#### Task input

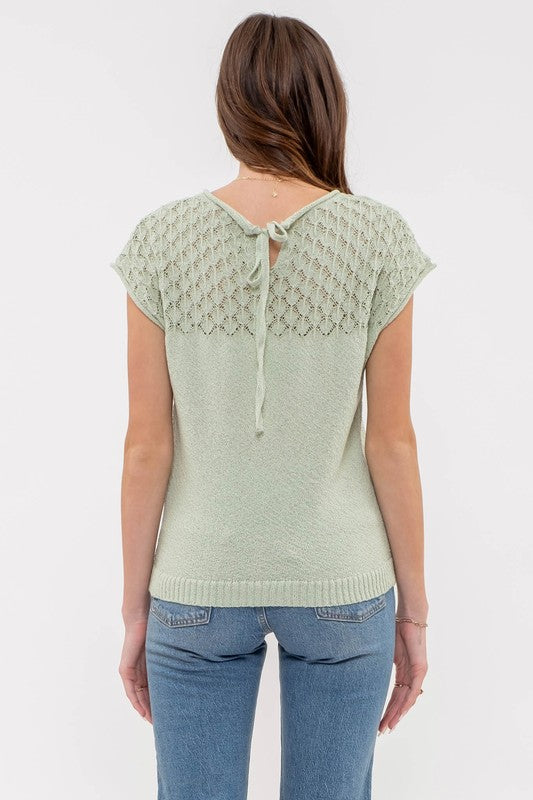 mint green knit short sleeve top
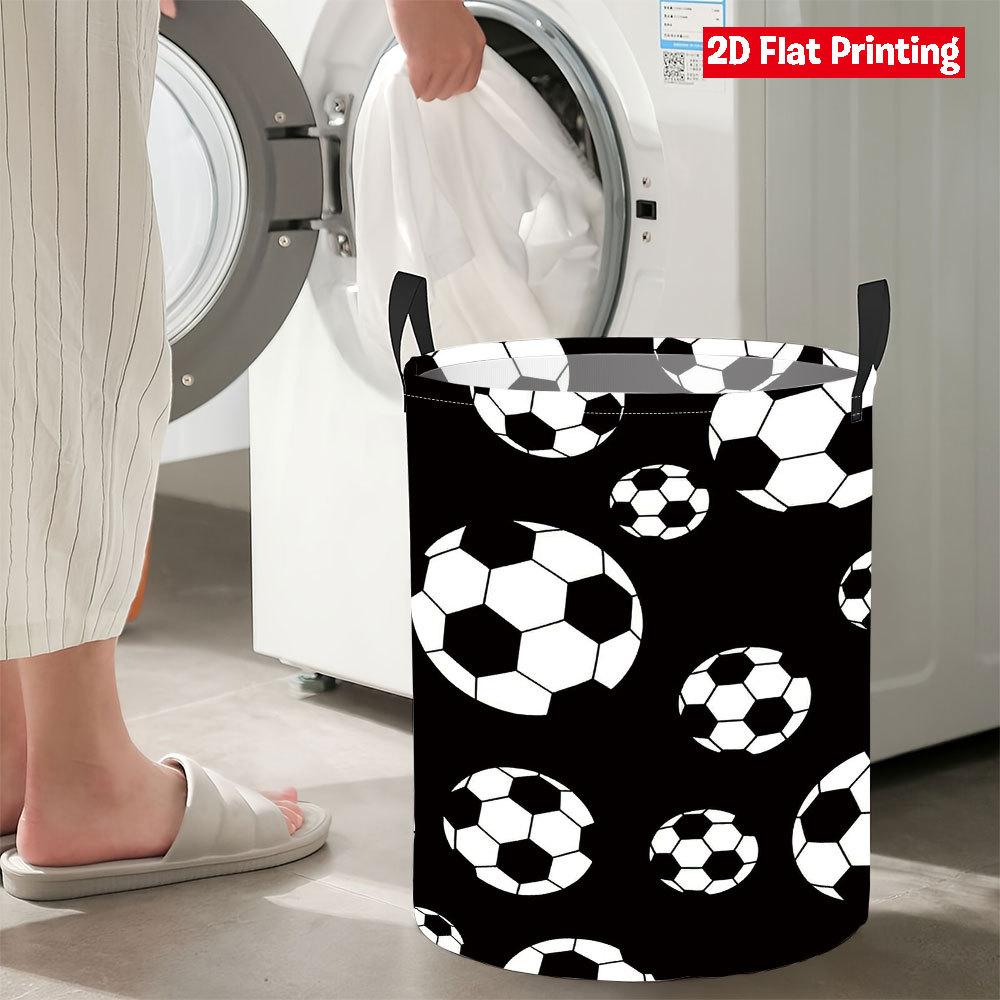 Collapsible Laundry Basket Large Round Waterproof Fabric Hamper Dirty Clothes Storage Bin Toy Organizer with Handles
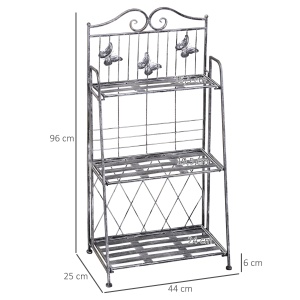 Rafturi pentru ghiveci cu 3 nivele pentru Gradina Balcon Intern, Gri Argintiu, 44 x 25 x96cm - Img 3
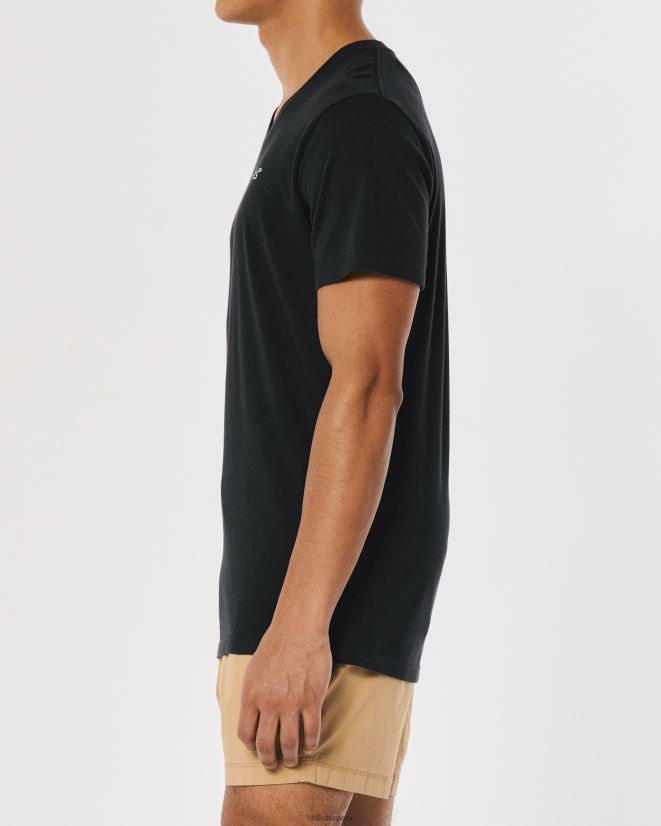 educación física Hollister camiseta con cuello de pico y logo icónico negro 086N621061 hombres tapas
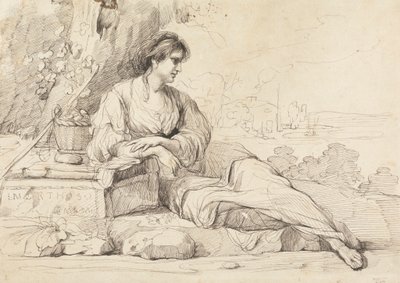 Bir İtalyan Manzarasında Uzanan Kadın Figürü by John Hamilton Mortimer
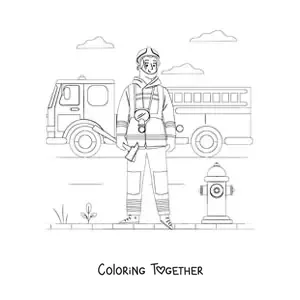 Coloring page of a uniformed firefighter in front of a fire truck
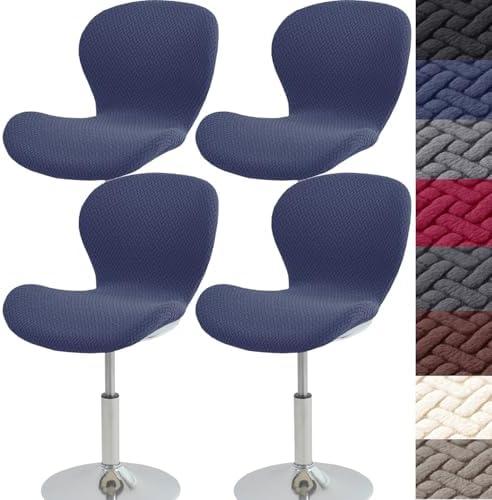HFCNMY Stool Covers,Stretch Bar Stool Covers with Backs-Jacquard Barstool Seat Cover,Washable Barstool Cover Slipcovers with Elastic Bands (4PCS,Blue)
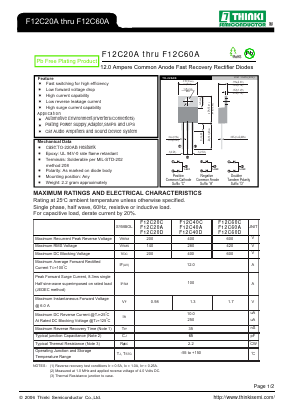 F12C40A Datasheet PDF Thinki Semiconductor Co., Ltd.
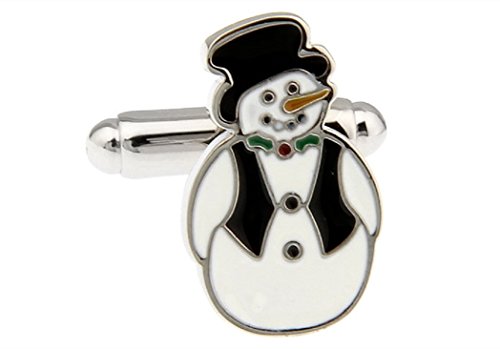 MRCUFF Snowman Christmas Pair Cufflinks in a Presentation Gift Box & Polishing Cloth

########

§ **Activity**:
In repeating the lines above, keep the wording exact and leave every picture out.

§ **Solved exercise**:
 mint green knit short sleeve top
 Collapsible Laundry Basket Large Round Waterproof Fabric Hamper Dirty Clothes Storage Bin Toy Organizer with Handles
 Rafturi pentru ghiveci cu 3 nivele pentru Gradina Balcon Intern, Gri Argintiu, 44 x 25 x96cm - Img 3
 educación física Hollister camiseta con cuello de pico y logo icónico negro 086N621061 hombres tapas
 Bir İtalyan Manzarasında Uzanan Kadın Figürü by John Hamilton Mortimer
 Coloring page of a uniformed firefighter in front of a fire truck
HFCNMY Stool Covers,Stretch Bar Stool Covers with Backs-Jacquard Barstool Seat Cover,Washable Barstool Cover Slipcovers with Elastic Bands (4PCS,Blue)
 F12C40A Datasheet PDF Thinki Semiconductor Co., Ltd.
 MRCUFF Snowman Christmas Pair Cufflinks in a Presentation Gift Box & Polishing Cloth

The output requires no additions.